Exercise objective
Your copy should match the listing word for word, apart from the pictures, which are left out.

Dataset extract
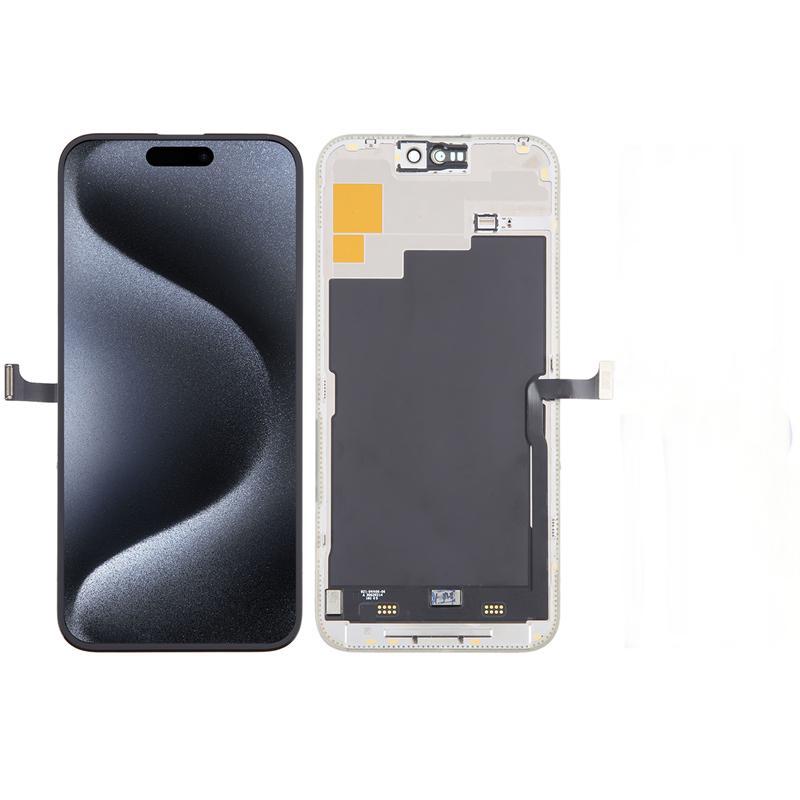 Screen Replacement for iPhone 15 Pro Max IC Removable Version RJ 120Hz Soft OLED Black HQ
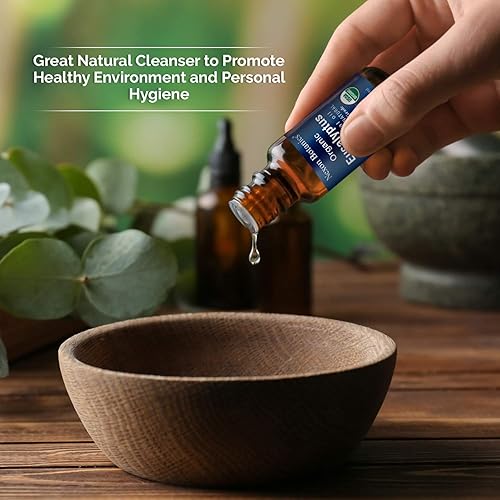 Eucalyptus and Cedarwood Essential Oils Bundle - Natural, Pure, and Therapeutic Grade - Multiple Household and Topical Uses - for Diffuser, Massage, Aromatherapy, Personal Care by Nexon Botanics
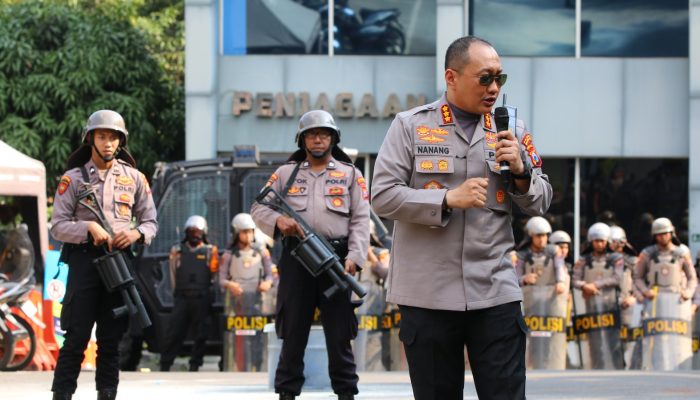 Polresta Malang Kota Gelar Sispam Mako Antisipasi Kontijensi Demo Rusuh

Result
 Screen Replacement for iPhone 15 Pro Max IC Removable Version RJ 120Hz Soft OLED Black HQ
 Eucalyptus and Cedarwood Essential Oils Bundle - Natural, Pure, and Therapeutic Grade - Multiple Household and Topical Uses - for Diffuser, Massage, Aromatherapy, Personal Care by Nexon Botanics
 Polresta Malang Kota Gelar Sispam Mako Antisipasi Kontijensi Demo Rusuh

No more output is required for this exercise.